Digging a bigger pension hole isn’t going to help
If the average person draws a monthly pension of R500 from the Employees Provident Fund Organisation (EPFO), going by the government’s figures, then hiking it toR1,000 as the government has done, early enough to beat the Election Commission’s code of conduct, is going to cost a pretty packet. Which is why, for now, the higher outgo is to be financed by the central exchequer—at R1,217 crore for FY15, it is almost equal to the government’s current annual contribution to the EPFO of R1,400 core or thereabouts. Apart from whether it is appropriate to fund this largesse from taxpayer’s money, the larger question is the long-term viability of this action. The EPFO’s board of trustees, for instance, have not taken too many of the decisions—like increasing the age at which the pension is applicable after—that need to be made for the EPFO to become viable. The finance ministry’s contribution will take care of FY15’s problem, but what happens if the trustees don’t agree to the changes, as they haven’t for a long time.
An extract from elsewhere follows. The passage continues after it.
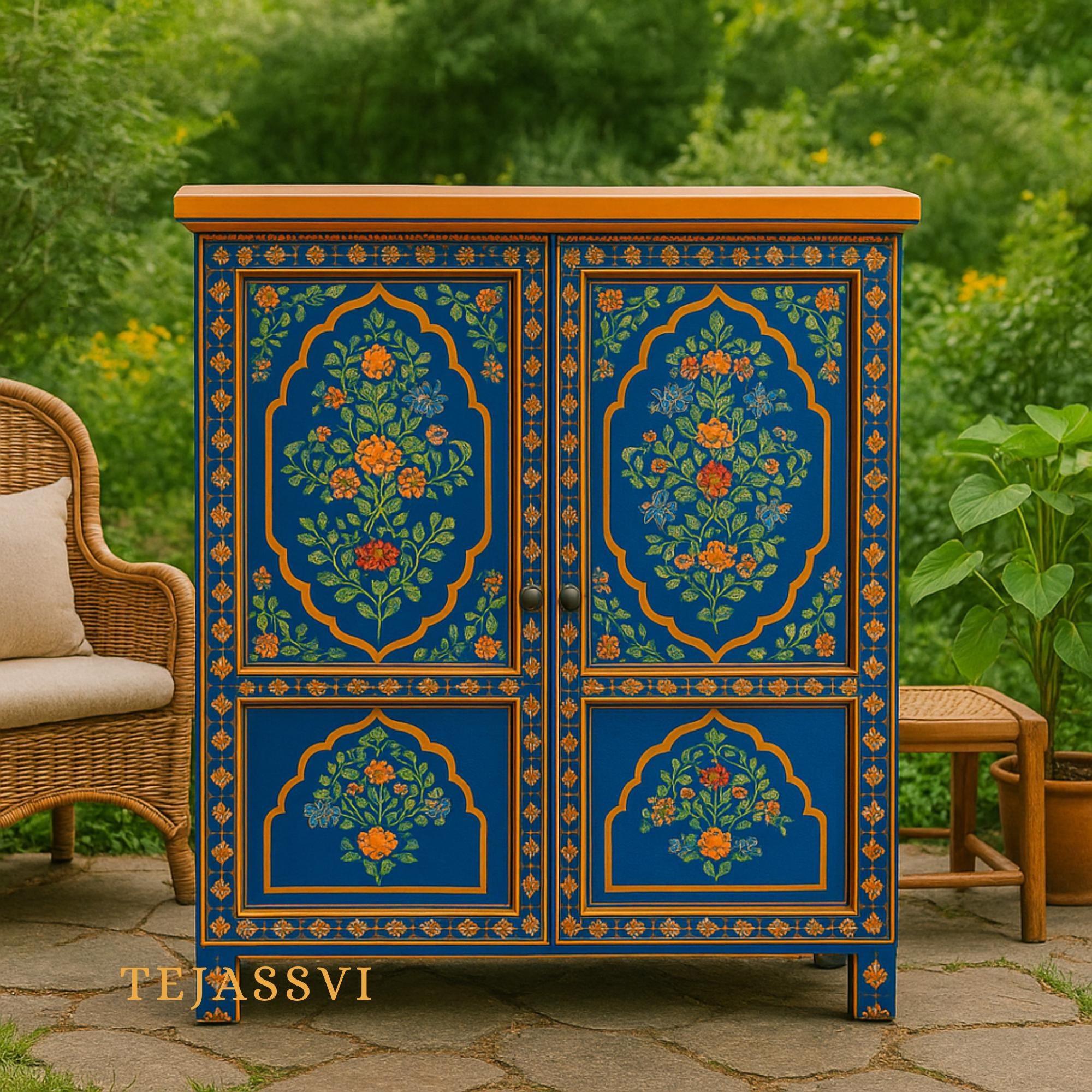 Wooden Hand Painted Sideboard and Luxury Furniture for Home Décor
Will the finance ministry continue to bankroll the extra pension or will it simply be rolled back? The government’s solution, to bring in another 50-60 lakh workers under the EPFO—while it was mandatory that anyone earning under R6,500 per month had to contribute to EPFO, this has been raised toR15,000—will help bridge the gap since there will be more inflows. But if the scheme is fundamentally unviable—and right now, it certainly appears to be—adding in more workers will just postpone the problem. How much it will get postponed is not clear since the EPFO’s accounts continue to remain a maze. While the EPFO’s unfunded liabilities on account of pensions were rising each year, to R50,000 crore on last count, a new study by EPFO—in which it says it has given data from a bigger sample of subscribers to the auditors—puts the gap at R10,000 crore.
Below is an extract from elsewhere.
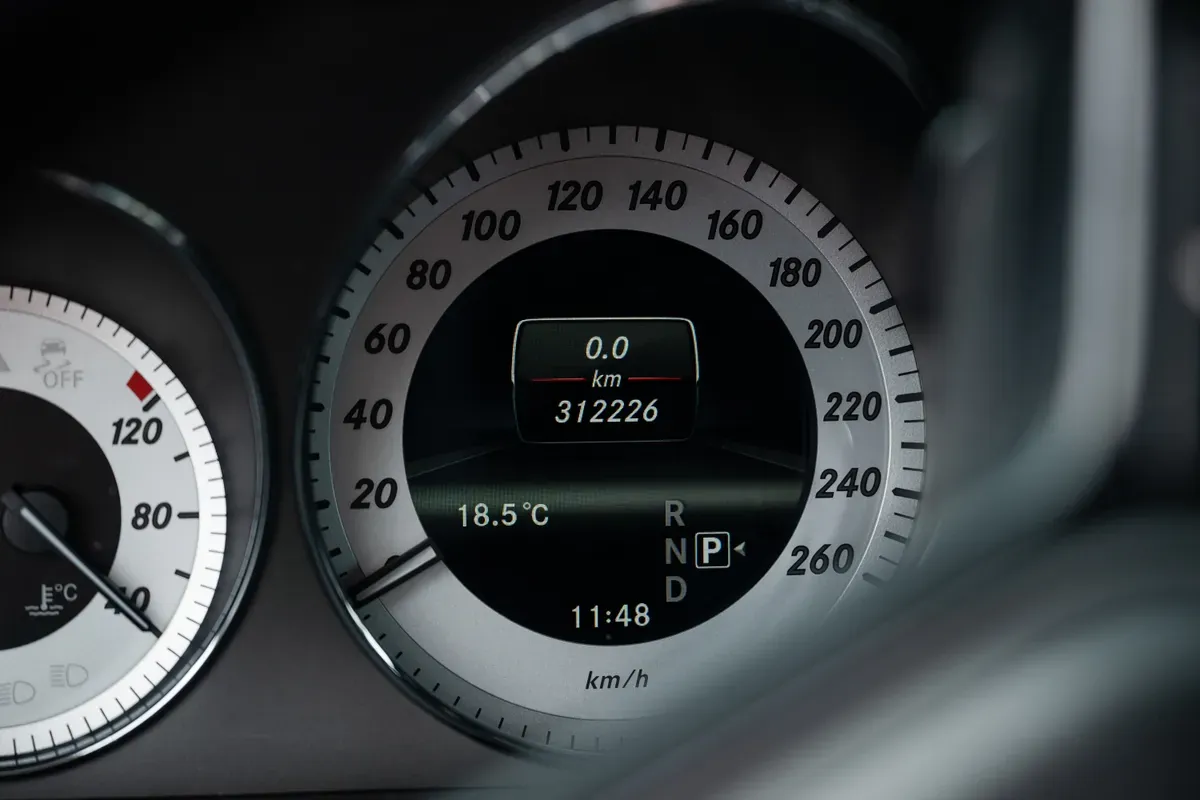 Mercedes-Benz Glk Class 2012 photo 2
At a more fundamental level, given the EPFO’s poor coverage, worse service-quality and unsustainable model, it is not clear why the government is trying to push it down the throats of subscribers. In the case of government employees who had an even more generous pension, the government realised this would bankrupt it and so moved to a defined-benefit New Pension Scheme. Later, this was opened up to the private sector and to encourage its prospects, the government even committed to contributing to NPS on behalf of the poor for a few years. So, if the idea is to encourage the NPS, why make the fiscally-draining EPFO more attractive by promising a higher pension? More important, by raising the income level at which being a member of the EPFO is mandatory, why force citizens to become members of it?